The Hispanic Center of Excellence, under the leadership of Director Monica Vela, MD, FACP, serves to improve the health and wellness of Hispanic communities in Illinois. The HCOE delivers pathways programs that increase the number of outstanding Hispanic applicants pursuing health careers. Most of the HCOE’s program participants identify as bilingual, first-generation, low-income students residing in state-designated Health Professions Shortage Areas (HPSA) in Illinois. The HCOE serves more than 350 participants in our programs yearly.

The Program Advancing Research for Equity provides a 10-week summer research experience for undergraduates interested in addressing health inequities through research. Students are paired with UIC mentors and receive additional instruction on ethical and responsible research conduct, secondary research training and root causes of health inequities.

The Latino Health Sciences Enrichment Program is directed by Paulina Guzman at the HCOE and serves to engage undergraduate students matriculating into UIC. Students are exposed to biomedical and health science careers and acquire critical college preparatory skillsets to ensure academic success and inform plans for their future careers in science and medicine. Additionally, students engage in enrichment coursework in Math, Chemistry and English to help them transition into college.

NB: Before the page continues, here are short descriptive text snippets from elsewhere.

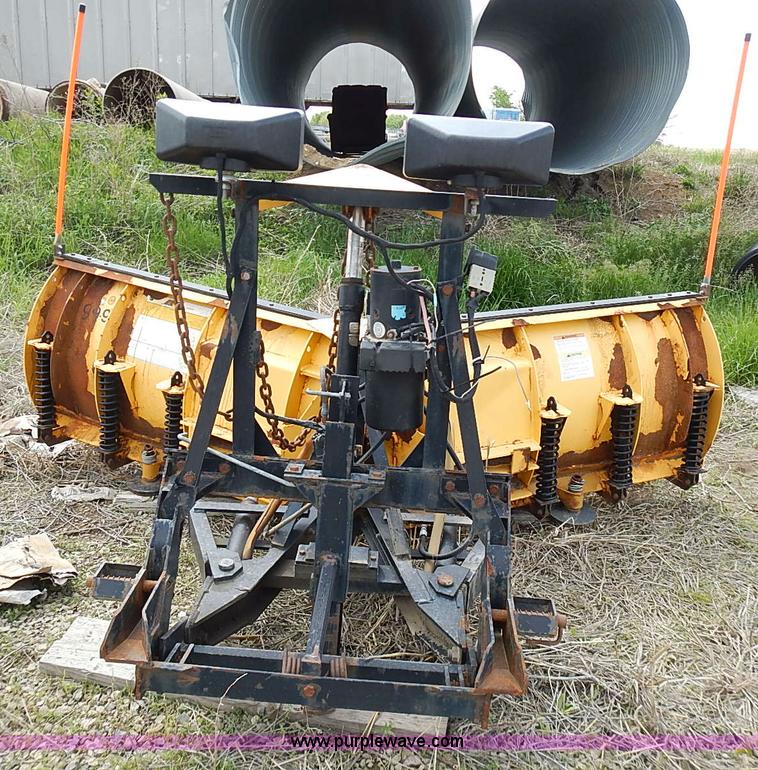 image for item J3194 1995 Ford F800 dump truck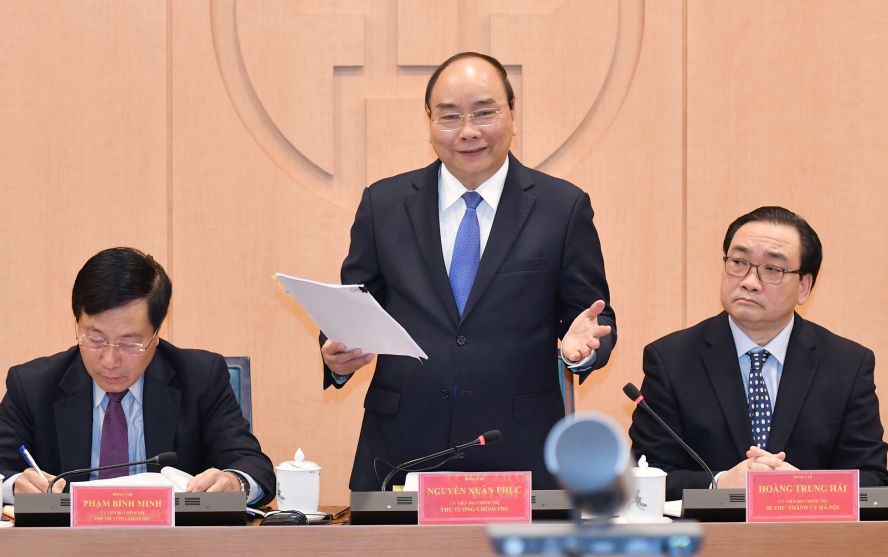 阮春福總理(中)在會議上發表講話。(圖源:光孝)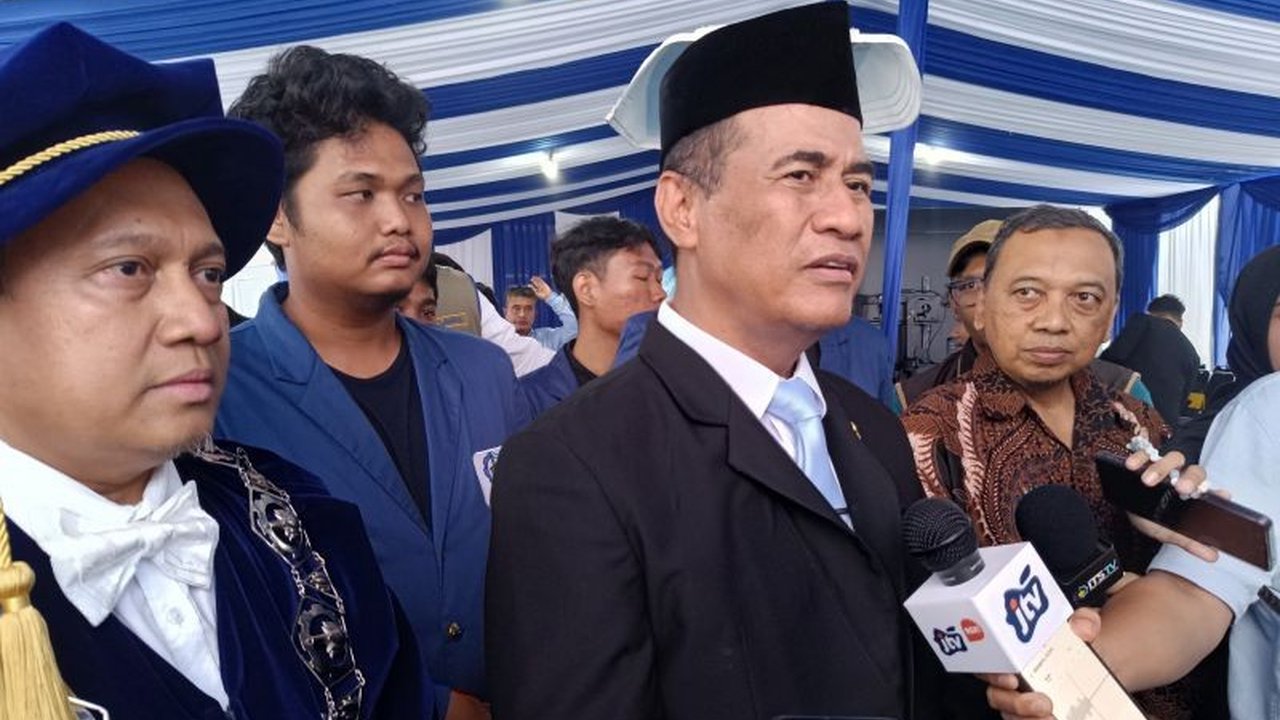 Indonesia akan menghentikan impor diesel mulai 1 Juli 2026, seiring implementasi B50. Langkah ini menegaskan komitmen pemerintah dalam penghentian impor diesel dan kemandirian energi berbasis sawit untuk masa depan yang lebih cerah.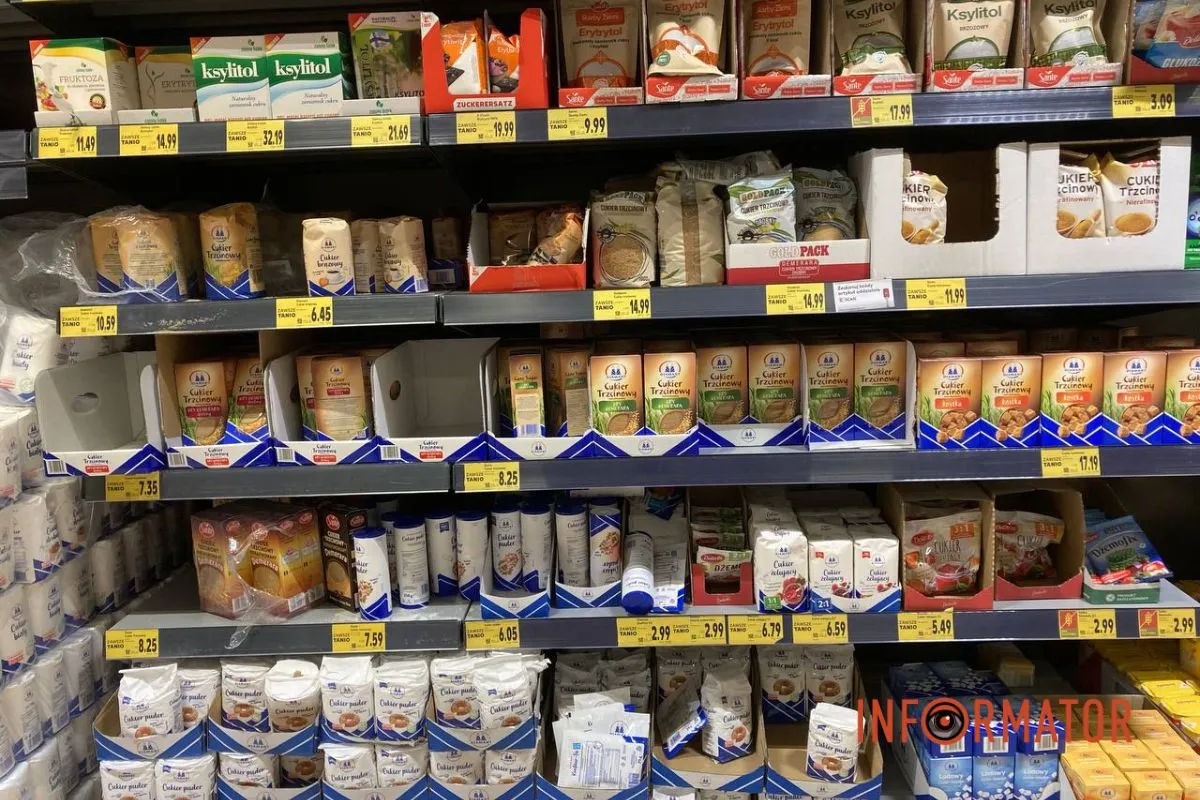 Цена на сахар и сахарные заменители Украинцы вынуждены экономить на еде: насколько отличается стоимость продуктов в Днепре и Польше, 6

Both programs have had extraordinary outcomes. Evaluations have shown that LaHSEP students are 20 percent more likely to graduate within four years, while more than 20 percent of LaHSEP alumni matriculate into medical or nursing graduate programs.

“Both programs have had extraordinary outcomes,” University of Illinois College of Medicine Executive Dean Mark I. Rosenblatt, MD, PhD, MBA, MHA, said. “We are so very proud of the work the HCOE continues to do and the impact it has on our communities. Congratulations to Dr. Vela and her team.”

Hispanic medical students make up 6.2 percent of all current medical students across the country. The role of the HCOE and the College of Medicine is critical to the health of Illinoisians and to addressing disparities faced by the Hispanic population. UI COM, meanwhile, graduates more Hispanic medical students than any other school in the contiguous United States. UI COM is one of only 12 Association of American Medical College (AAMC) accredited schools to have graduated over 200 Hispanic Students from 2009-2019.